Epigenetics Brings Hope for New Therapies
Epigenetics is a key area of pediatric cancer research. Scientists are investigating molecular drivers of tumors, hoping to discover new therapies through these approaches. St. Anna Children’s Cancer Research Institute (St. Anna CCRI) has long focused on epigenetics and recently hosted a networking meeting on the topic.
Adult tumors often exhibit numerous DNA mutations that drive the hallmarks of cancer: uncontrolled growth, invasion of surrounding tissue, and evasion of the immune system. Pediatric cancers also display these characteristics but with far fewer DNA mutations. This is where epigenetics comes into play. Researchers study molecular “switches” that can turn genes on or off, influencing cancer development.
Findings like these are crucial in developing novel treatment strategies targeting such changes—potentially leading to gentler therapies for affected children. Epigenetic research is highly relevant, as many questions remain unanswered. To address this, St. Anna CCRI has established multiple research groups dedicated to the field. To foster international collaboration, the St. Anna CCRI Symposium Cancer Epigenetics was recently held at the Van Swieten Hall of the Medical University of Vienna. The meeting was organized by Davide Seruggia, Eleni Tomazou, Florian Grebien and Kaan Boztug, all Principal Investigators at St. Anna CCRI.
How Does Cancer Develop?
The work of Paola Scaffidi and her team at the Department of Experimental Oncology of the European Institute of Oncology (IEO) in Milan shows how epigenetic changes through the function of enhancers, genetic instability and interaction with the tumor environment influence cancer development. In her presentation, she emphasized that the combination of these is the disease driver. You could say that if a gene is the content of a letter, the enhancers are the address on the envelope. Which specific cells are the recipients of the message? And mutations in enhancers can have dramatic effects: A message is sent to the wrong tissue in the body, it is delayed or lost altogether. A kind of chain reaction is triggered during which cellular “brakes”, so-called tumor suppressor genes, are silenced. The cells lose the ability to repair themselves or die in a controlled manner – which contributes to tumor formation.
What Are Enhancers?
Judith Zaugg, Professor of Molecular Medicine at the University of Basel, leads a research group focused on enhancers. She investigates how errors in these enhancers—caused by genetic changes or external influences—can trigger diseases such as cancer or genetic disorders. Zaugg reported that her team employs computational methods to understand how DNA is regulated and how these processes influence disease development.
Which Gene Might Cause Medulloblastoma?
The research of Alexis Kentsis and his team at Memorial Sloan Kettering Cancer Center suggests that a gene called PGBD5 plays a key role in certain pediatric cancers, particularly medulloblastoma, a brain tumor occurring in the posterior region of the skull. PGBD5 can cause specific DNA breaks and rearrangements, leading to mutations in genes that control tumor growth.
How Can Cancer Cells Be Weakened?
Iannis Aifantis from the NYU School of Medicine studies how the genome is organized and the role of these structures in a particular type of blood cancer (acute T-cell leukemia, T-ALL).
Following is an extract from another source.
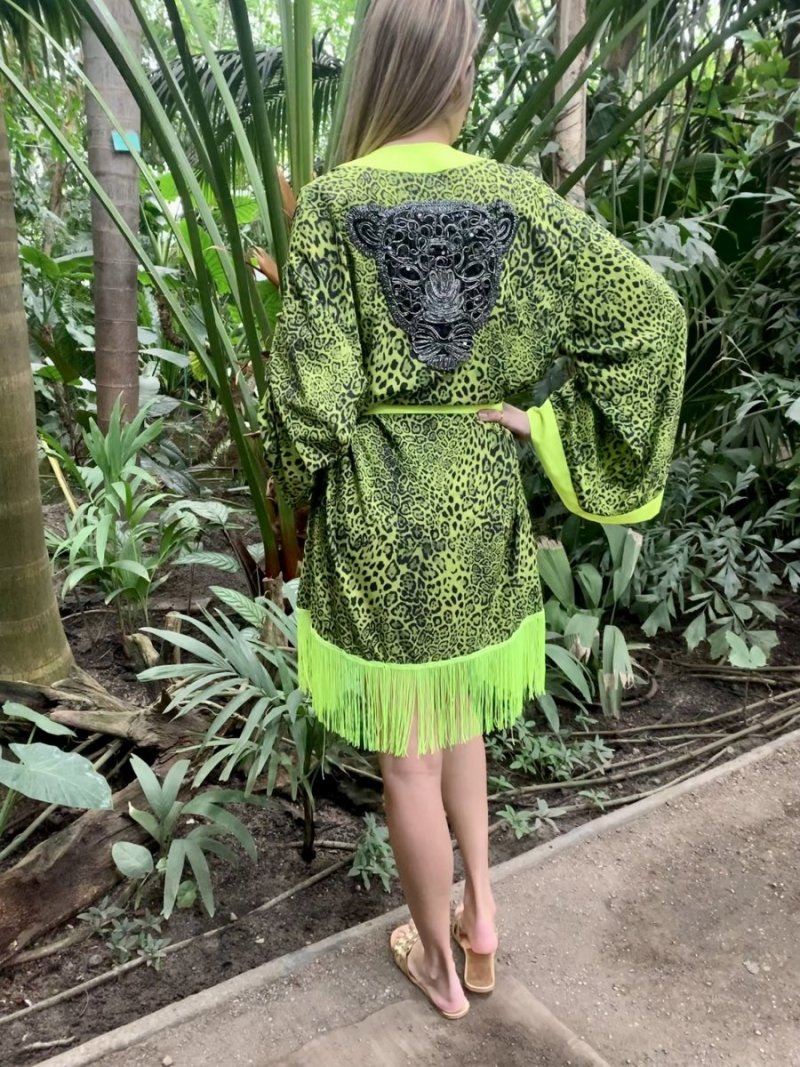 Kimono Yellow Panther Fringe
Aifantis and his team discovered that 3D chromatin hubs activate certain genes that promote cancer cell survival. But what exactly are 3D chromatin hubs? These are regions in the cell nucleus where multiple DNA segments cluster closely together, collectively regulating gene activation or suppression. Aifantis explained that a specific regulatory gene, MYB, plays a central role: blocking it can weaken cancer cells.
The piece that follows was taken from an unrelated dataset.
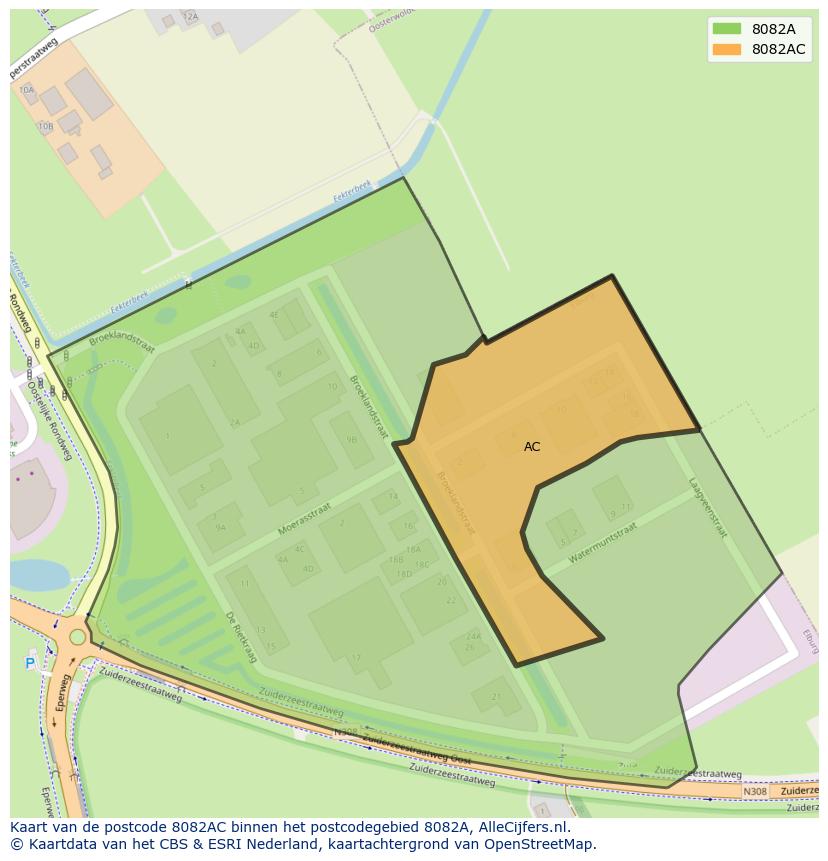 Afbeelding van het postcodegebied 8082 AC op de kaart.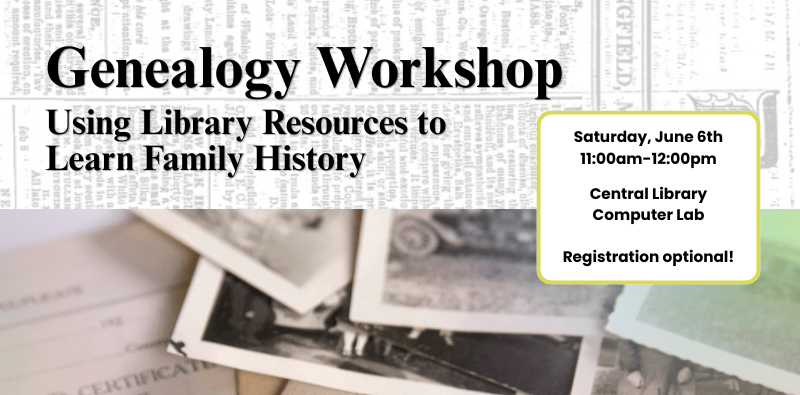 Photograph of polaroid pictures and family papers to promote a Genealogy Workshop at Central Library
Young Cancer Researchers at St. Anna CCRI
Two young Principal Investigators at St. Anna CCRI also presented their work during the symposium. Polina Kameneva studies the origins of neuroblastoma, a cancer that arises in nerve tissue. 49 % of all neuroblastomas develop near the adrenal glands, but the reasons for this remain unknown. To uncover the mechanism, Kameneva’s team examined adrenal gland development. They found that a high number of sympathetic nerve cells are present during early developmental stages and investigated how these cells change over time. Her work is supported by a prestigious FWF START grant.
George Cresswell then discussed how chromosomal instability—errors occurring when cells distribute their chromosomes during division—affects cancer progression. He reported on a study (Nature Cancer) that he carried out during his time at the Institute of Cancer Research (Sottoriva lab, London). It shows that a large variety of chromosomal changes at diagnosis correlates with faster tumor recurrence in a clinical study of prostate cancer. Cresswell applied these insights to pediatric cancers, emphasizing that childhood cancers follow unique developmental patterns. His preliminary findings suggest that chromosomal instability could also play a crucial role in the progression of pediatric kidney cancer.
Ultimately, all of this important research may lead to clinical applications. However, many more scientific studies are needed—driven by curiosity and perseverance—to answer a lot of open questions.